= WHAT YOU SHOULD DO =
Leaving out pictures, output exactly the lines below from the one that has "Փաշինյանին ուղեկցող ավտոմեքենայի" through the one that has "Used 2020 Toyota", and nothing else.

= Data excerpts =
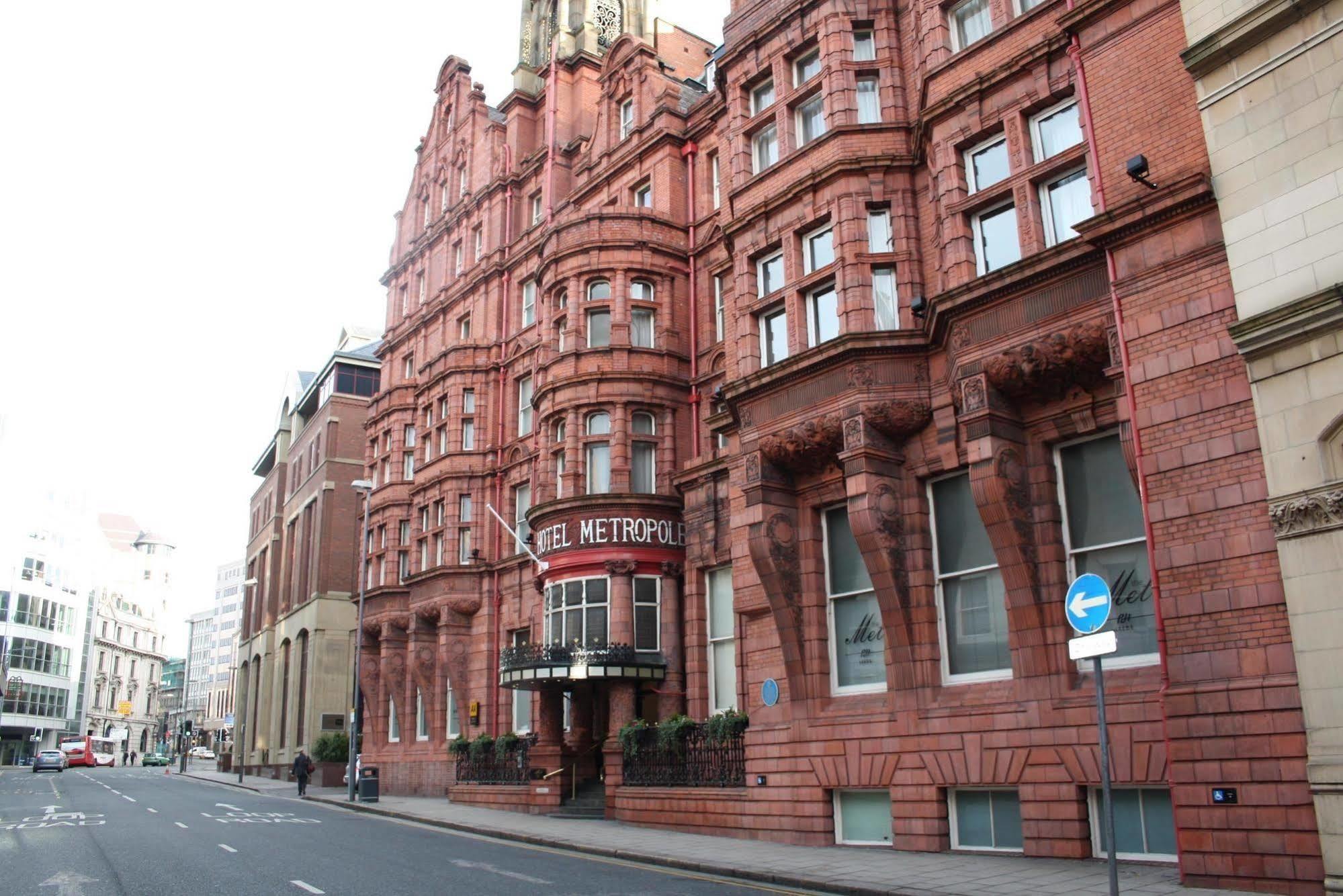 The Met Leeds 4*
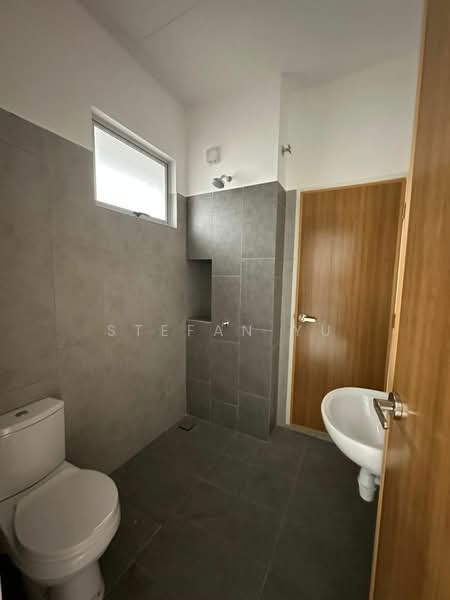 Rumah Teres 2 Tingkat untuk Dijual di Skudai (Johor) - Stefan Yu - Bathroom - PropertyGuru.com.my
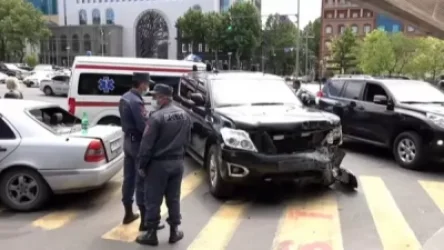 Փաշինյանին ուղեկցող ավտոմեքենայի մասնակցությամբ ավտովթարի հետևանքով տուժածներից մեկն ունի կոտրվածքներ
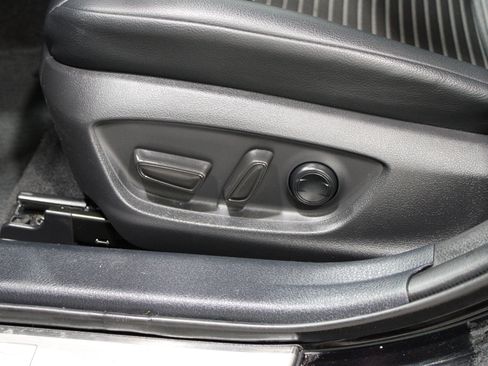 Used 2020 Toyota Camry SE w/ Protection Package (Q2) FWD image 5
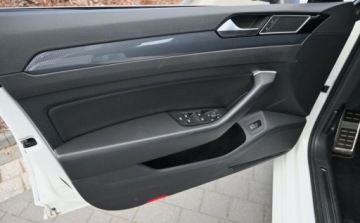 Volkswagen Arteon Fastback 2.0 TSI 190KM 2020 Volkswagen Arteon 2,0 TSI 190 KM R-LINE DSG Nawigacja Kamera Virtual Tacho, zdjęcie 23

= ANSWER AREA =
 Փաշինյանին ուղեկցող ավտոմեքենայի մասնակցությամբ ավտովթարի հետևանքով տուժածներից մեկն ունի կոտրվածքներ
 Used 2020 Toyota Camry SE w/ Protection Package (Q2) FWD image 5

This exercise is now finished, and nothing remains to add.